The earth rumbled beneath his feet, and the ground gave a sudden lurch that nearly knocked him off balance. Steam vented from the glowing orange cracks in the chamber floor, and with it came the familiar, decaying stench of evil.

Dax's muscles clenched. He'd grown used to the rumblings and movement of the volcano over the years, but this was different. The volcano was awakening. And Mitro was the one waking it.

Another wave of pressure slammed into him, throwing him to his knees. The ground shifted and rolled. Dax steadied himself and sent feelers stabbing into the soil, trying to locate his ancient enemy. But the clinging, oily miasma of the vampire's decay had saturated everything inside the volcano, making it impossible for Dax to track the evil back to its source. Mitro was here, working to break free of his bonds and use the explosive force of the volcano to free himself.

For too many years, Mitro Daratrazanoff had fought to escape his prison. Dax had pursued him through the caverns and tunnels of the volcano, hunting, tracking, fighting to destroy him. And for the same amount of years, first Mitro spurned his lifemate Arabejila and then her descendents, who had come to the volcano once every five years to strengthen the bonds of Mitro's prison and keep him contained until Dax could finally kill him. Without Dax constantly hunting him, fighting him, and without Arabejila and her descendents continually renewing the strength of Mitro's prison bonds, the vampire would long ago have escaped to wreak his unimaginable evil on the world.

Unfortunately, over the last few decades, the power woven by Arabejila's descendents had been growing weaker. Their renewal rites no longer imparted the same adamantine strength to the bonds as before. And with the weakening bonds, Mitro's attempts to escape had come increasingly closer to succeeding. The last three times, Arabejila's descendent had arrived just in the nick of time, renewing the bonds only scant days-even hours-before Mitro broke through.

Worry crept down Dax's spine. Judging by the volcano's increasing turbulence, Mitro had already found enough of a chink in his prison walls to work his influence on the outer world.

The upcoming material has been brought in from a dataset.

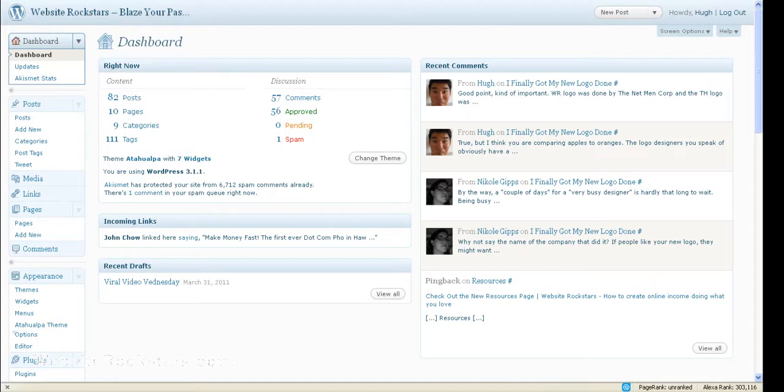Hello everyone, this is Hugh from websiterockstars.com and today I'm going to show you how to put a banner ad in the header of your Atahualpa WordPress theme.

It did not bode well. Mitro must have woken much earlier than Dax this time. He'd grown stronger-too strong.

Concerned, Dax sent his senses out, searching for that frisson of awareness that alerted him to the presence of another Carpathian. He'd been able to use that awareness over the years to track the progress of Arabejila and her descendents when they came to the mountain. His senses soared out, passing through rock, soil, into the sky above the volcano, then across the dense, tropical jungle.

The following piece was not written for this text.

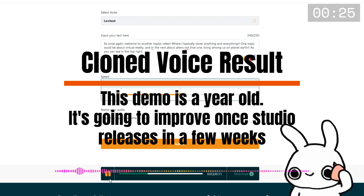All you need for the scan is your phone and you can pretty much do this anywhere. Meta showed off their instant codec avatar research at Meta Connect 2022 — you can basically clone yourself using your phone and it looks pretty realistic. That's pretty cool.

After several long minutes of searching, he found her. Arabejila's descendent. She was approaching the mountain as she had once every five years for the last who-only-knew how many centuries, but she was still hours away. She was not going to get here in time. The woman was too far out and Mitro had grown too strong.

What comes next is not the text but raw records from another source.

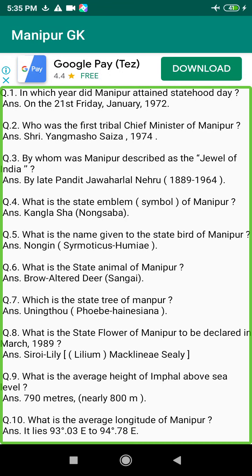Q1. In which year did Manipur attain statehood? Answer: On the 21st of January, 1972.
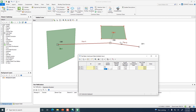Think about the rational method: Q = CIA. We've entered C and A, and the time of concentration will help determine intensity. But what's missing is the rainfall intensity I — we need to tell it what the rainfall patterns look like in this area. The next step, step six in the workflow, is storm data definition.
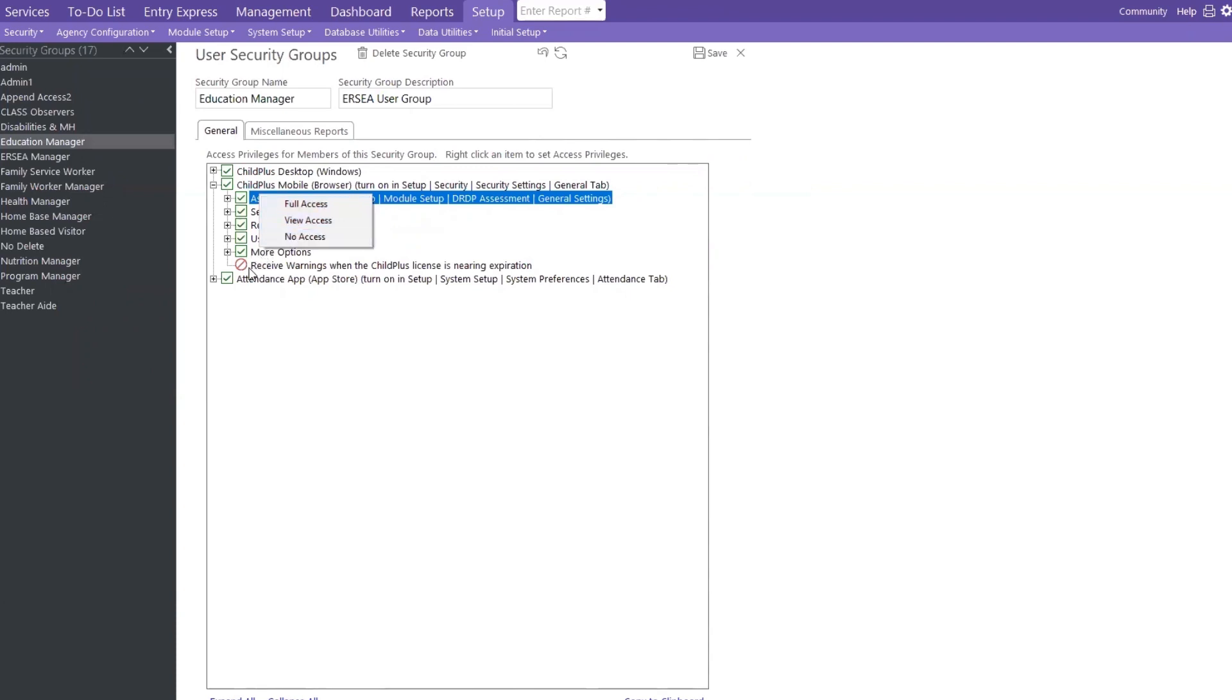So here, just showing this red circle, but at the very bottom of my screen, the green check mark, the view only, and the no access, meaning they will not even see it. So the education manager, you would get with your whoever will do if you're set up for Child Plus.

Dax had been considered the greatest hunter of the entire Carpathian race, yet still, fight after fight, Mitro had eluded him. Being locked in the earth for so long without blood to sustain them should have weakened them both, possibly even killed them. But just like Dax, Mitro had found a way to survive and grow stronger. The intense pressure, heat and harsh environment of the volcano had changed them both. If Mitro escaped now, there would be nothing, no one strong enough to stop him.